Scalable I/O quarterly report for Q196
		
		     Joel Saltz, Anurag Acharya
		       University of Maryland

We have developed a prototype source to source translation tool that
carries out interprocedural analysis with the goal of replacing large
synchronous I/O operations by corresponding asynchronous
operations. This prototype was developed using Rice's Parascope/D
System.  We have evaluated the efficacy of this tool using two
benchmarks -- a Direct Simulation Monte Carlo code (from NASA Langley)
that generates snapshots of its state and an out-of-core satellite
data processing template based on the Pathfinder program from NASA
Goddard. We found that replacing large synchronous write operations by
corresponding asynchronous operations can reduce the I/O waiting time
by 25-67% and the overall execution time by 14-20%.  A paper
describing this research has been accepted for ICS'96.  (Reference:
"An Interprocedural Framework for Placement of Asynchronous I/O
Operations", Gagan Agrawal, Anurag Acharya and Joel Saltz, To appear
in the ACM International Conference on Supercomputing, May 96).

We are porting the Jovian-2 parallel-I/O library to a cluster of SMPs
(an ATM-connected network of Digital Sable multiprocessors running
Digital Unix) and to a cluster of Pentiums that runs a version of
Linux and is connected by two 100Mb/s ethernets. As was described in
our previous report, Jovian-2 is a multi-threaded parallel-I/O library
developed at the University of Maryland.  It provides an interface
similar to the POSIX lio_listio() interface and can handle both local
and non-local requests. The performance of Jovian-2 for
microbenchmarks and for an AVHRR satellite data processing application
from NASA Goddard on our IBM SP-2 has been described in our paper that
will appear in IOPADS'96 (Reference: "Tuning the Performance of I/O
Intensive Parallel Applications," Anurag Acharya, Mustafa Uysal,
Robert Bennett, Assaf Mendelson, Michael Beynon, Jeff Hollingsworth,
Joel Saltz and Alan Sussman, To appear in the Fourth Annual Workshop
on I/O in Parallel and Distributed Systems (IOPADS), May 96).  As part
of the Jovian effort, we plan to investigate optimizations specific to
parallel architectures and workstation networks composed of multiple
SMP nodes.

We have continued our investigation of data declustering techniques
for multidimensional datasets with the primary goal of facilitating
the interactive exploration of large datasets by minimizing response
time. We have extended the three best-known index-based schemes
(Disk-Modulo, Fieldwise-XOR and Hilbert-Curve) for declustering
Cartesian product files to grid files which allow better utilization
of disk space. Using simulation experiments, we have shown that the
scalability of Disk-Modulo and Fieldwise-XOR for multidimensional
range queries is limited. That is, as the number of disks is increased
beyond a threshold, the response time no longer decreases.  This
result is corroborated by an analytical study.  The response time for
Hibert-Curve scales better than Disk-Modulo or Fieldwise-XOR, but the
difference between its performance and the best possible performance
increases with the degree of skew in the data distribution.  As an
alternative to the index-based schemes, we have developed a
declustering algorithm based on a proximity measure.

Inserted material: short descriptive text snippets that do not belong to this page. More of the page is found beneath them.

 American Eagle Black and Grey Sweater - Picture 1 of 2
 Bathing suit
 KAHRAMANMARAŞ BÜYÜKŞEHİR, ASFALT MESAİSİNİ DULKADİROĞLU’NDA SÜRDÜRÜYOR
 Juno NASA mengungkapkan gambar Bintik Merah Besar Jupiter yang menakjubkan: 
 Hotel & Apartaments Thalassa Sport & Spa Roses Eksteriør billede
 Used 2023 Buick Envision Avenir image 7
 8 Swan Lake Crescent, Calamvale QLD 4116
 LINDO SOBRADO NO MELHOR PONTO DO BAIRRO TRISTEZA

To evaluate our new declustering algorithm, we are using both
simulation studies and experimental measurements.  Results from our
simulation experiments indicate that the proposed algorithm achieves
better declustering than the algorithms we compared it to,
particularly for configurations with large number of disks.  A paper
describing this research has been accepted for IPPS'96 (Reference:
"Study of Scalable Declustering Algorithms for Parallel Grid Files",
Bongki Moon and Anurag Acharya and Joel Saltz. To appear in the 10th
International Parallel Processing Symposium, April 96).  We are now
carrying out an experimental evaluation of the declustering
algorithms.  We have recently implemented the deculstering algorithms
on our 16 processor SP-2 and are in the process of evaluating its
performance on three large data sets -- snapshots from the Direct
Simulation Monte Carlo code mentioned above and a 3-D flame simulation
code from NRL and AVHRR image data from NOAA's TIROS satellites.